*** DATA FOR PROCESSING Section Begins ***
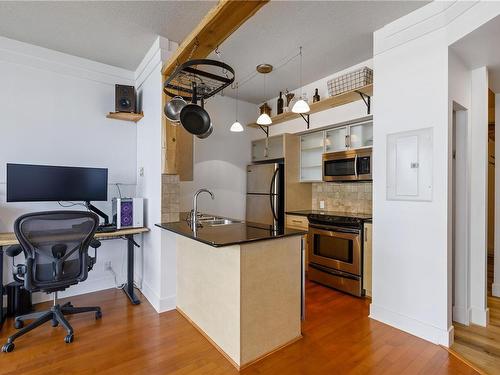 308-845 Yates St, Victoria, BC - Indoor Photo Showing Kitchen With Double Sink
*** DATA FOR PROCESSING Section Ends ***
*** DATA FOR PROCESSING Section Begins ***
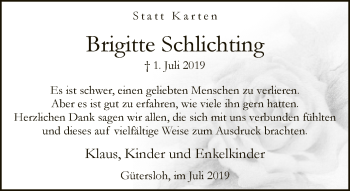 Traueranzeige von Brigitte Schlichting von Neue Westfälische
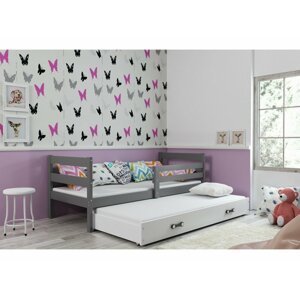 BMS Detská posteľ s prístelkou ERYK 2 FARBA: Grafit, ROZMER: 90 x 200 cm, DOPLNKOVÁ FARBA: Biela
*** DATA FOR PROCESSING Section Ends ***
= WHAT THE TASK ASKS =
For this task, return exactly the stretch of the listing above from the line with "Traueranzeige von Brigitte" through the line with "BMS Detská posteľ", inclusive and without pictures.

= EXERCISE ANSWER =
 Traueranzeige von Brigitte Schlichting von Neue Westfälische
 BMS Detská posteľ s prístelkou ERYK 2 FARBA: Grafit, ROZMER: 90 x 200 cm, DOPLNKOVÁ FARBA: Biela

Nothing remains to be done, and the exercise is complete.